Cliché: What inspired you to pursue a career in acting?
Chris Murray: When I was a kid, I was really into talent shows and performing. I grew up in Kentucky, so New York and LA were just sort of, a distant… you know, I never even thought about it! I just like being a goofball, and I have a twin brother, so I would drag him on stage with me. I remember one time I was Diana Ross, and we did a Supremes song. Then I wrote some sketches in high school and performed them. I [also] took a theater class. We had this performance that the seniors did every year and then I went to college, and I was a pretty serious student. My mom was a teacher and my dad was a lawyer, so acting was never really a possibility. However, I was a pretty good soccer player in high school and I had the opportunity to play Division One soccer and go study, and I guess I thought I was going to be a doctor my freshman year.
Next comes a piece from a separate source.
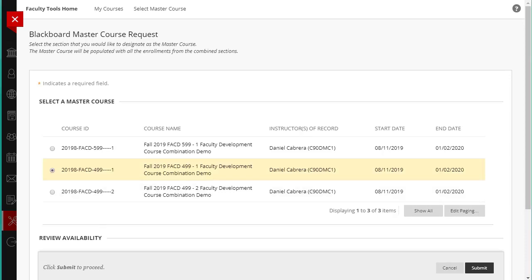Typically, a faculty member only makes the Master Course available and leaves the other sections unavailable so the students only see the Master Course.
Chris Murray 1So what made you take history in college?
I really love the stories of other civilizations. I was focused more on classics—stories of Greeks and Romans and the founding cultures. There were great stories and playwrights, and I guess that little tickle that I had when I was a kid came back. Like I said, I played Division One soccer, so it was a pretty intense year with soccer and studying. Davidson [College] is a pretty intense academic environment, so I decided to try out for a play, and I got the lead role my senior year in a main-stage production! So the crossover was just wanting to see some of these stories come to life. Then I sort of just started digging theater, and I did some theater in Charlotte before I decided it was a good time to maybe move to New York. At that point, I wasn’t going to play soccer professionally, and [being] a history major, I was kind of unsure, so I figured I would try my hands at acting.

You’ve made quite a career for yourself in comedy, so what drew you to take on a role in a horror film?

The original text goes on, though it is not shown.